## Work instructions
Please set down, exactly as written, the line containing "this 263×470 image." and every line after it through the end of the records.

## Task inputs

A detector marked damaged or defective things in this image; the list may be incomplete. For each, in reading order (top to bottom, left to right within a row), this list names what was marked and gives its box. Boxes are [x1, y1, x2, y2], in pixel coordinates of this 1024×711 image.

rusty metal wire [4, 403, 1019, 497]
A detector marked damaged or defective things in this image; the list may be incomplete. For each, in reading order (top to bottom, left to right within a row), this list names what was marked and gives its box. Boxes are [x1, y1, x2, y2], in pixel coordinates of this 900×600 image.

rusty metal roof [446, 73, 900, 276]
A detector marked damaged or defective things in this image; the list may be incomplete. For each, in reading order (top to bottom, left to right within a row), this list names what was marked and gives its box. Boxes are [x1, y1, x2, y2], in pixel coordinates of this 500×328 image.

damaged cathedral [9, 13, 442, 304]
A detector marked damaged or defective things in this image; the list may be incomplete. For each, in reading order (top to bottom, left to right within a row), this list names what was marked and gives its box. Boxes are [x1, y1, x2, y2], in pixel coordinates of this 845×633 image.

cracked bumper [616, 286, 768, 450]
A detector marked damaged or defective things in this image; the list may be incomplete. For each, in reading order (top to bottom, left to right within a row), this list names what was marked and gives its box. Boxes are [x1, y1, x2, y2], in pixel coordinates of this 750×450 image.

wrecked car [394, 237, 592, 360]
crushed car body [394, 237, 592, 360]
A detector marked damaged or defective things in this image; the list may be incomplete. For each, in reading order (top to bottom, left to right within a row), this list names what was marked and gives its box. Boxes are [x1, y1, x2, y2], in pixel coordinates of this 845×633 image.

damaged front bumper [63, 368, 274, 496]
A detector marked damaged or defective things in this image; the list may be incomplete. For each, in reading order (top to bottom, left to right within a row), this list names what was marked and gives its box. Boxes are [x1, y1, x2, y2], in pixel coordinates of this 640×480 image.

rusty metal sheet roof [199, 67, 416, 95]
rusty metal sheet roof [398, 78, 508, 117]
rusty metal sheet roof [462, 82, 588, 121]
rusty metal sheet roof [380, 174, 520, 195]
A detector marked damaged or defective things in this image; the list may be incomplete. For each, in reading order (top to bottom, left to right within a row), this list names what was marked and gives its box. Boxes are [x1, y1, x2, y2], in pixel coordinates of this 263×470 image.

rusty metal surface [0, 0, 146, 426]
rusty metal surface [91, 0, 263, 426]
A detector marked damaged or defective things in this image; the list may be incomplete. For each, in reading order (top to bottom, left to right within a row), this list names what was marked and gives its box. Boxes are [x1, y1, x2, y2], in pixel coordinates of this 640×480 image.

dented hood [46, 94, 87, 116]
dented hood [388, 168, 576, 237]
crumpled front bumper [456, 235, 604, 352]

## Answer section
A detector marked damaged or defective things in this image; the list may be incomplete. For each, in reading order (top to bottom, left to right within a row), this list names what was marked and gives its box. Boxes are [x1, y1, x2, y2], in pixel coordinates of this 263×470 image.

rusty metal surface [0, 0, 146, 426]
rusty metal surface [91, 0, 263, 426]
A detector marked damaged or defective things in this image; the list may be incomplete. For each, in reading order (top to bottom, left to right within a row), this list names what was marked and gives its box. Boxes are [x1, y1, x2, y2], in pixel coordinates of this 640×480 image.

dented hood [46, 94, 87, 116]
dented hood [388, 168, 576, 237]
crumpled front bumper [456, 235, 604, 352]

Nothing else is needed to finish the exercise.